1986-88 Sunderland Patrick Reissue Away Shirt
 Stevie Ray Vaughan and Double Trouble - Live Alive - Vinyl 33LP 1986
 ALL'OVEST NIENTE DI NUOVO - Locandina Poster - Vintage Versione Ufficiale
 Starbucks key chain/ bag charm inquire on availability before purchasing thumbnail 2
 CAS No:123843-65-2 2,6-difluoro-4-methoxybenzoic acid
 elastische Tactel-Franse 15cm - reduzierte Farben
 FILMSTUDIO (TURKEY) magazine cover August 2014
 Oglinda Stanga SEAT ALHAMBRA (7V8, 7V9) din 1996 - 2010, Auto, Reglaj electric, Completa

________________________________________

### What is needed
Output only the lines from the one containing "Starbucks key chain/ bag" through the end of the material, please, exactly as they appear.

### Exercise result
 Starbucks key chain/ bag charm inquire on availability before purchasing thumbnail 2
 CAS No:123843-65-2 2,6-difluoro-4-methoxybenzoic acid
 elastische Tactel-Franse 15cm - reduzierte Farben
 FILMSTUDIO (TURKEY) magazine cover August 2014
 Oglinda Stanga SEAT ALHAMBRA (7V8, 7V9) din 1996 - 2010, Auto, Reglaj electric, Completa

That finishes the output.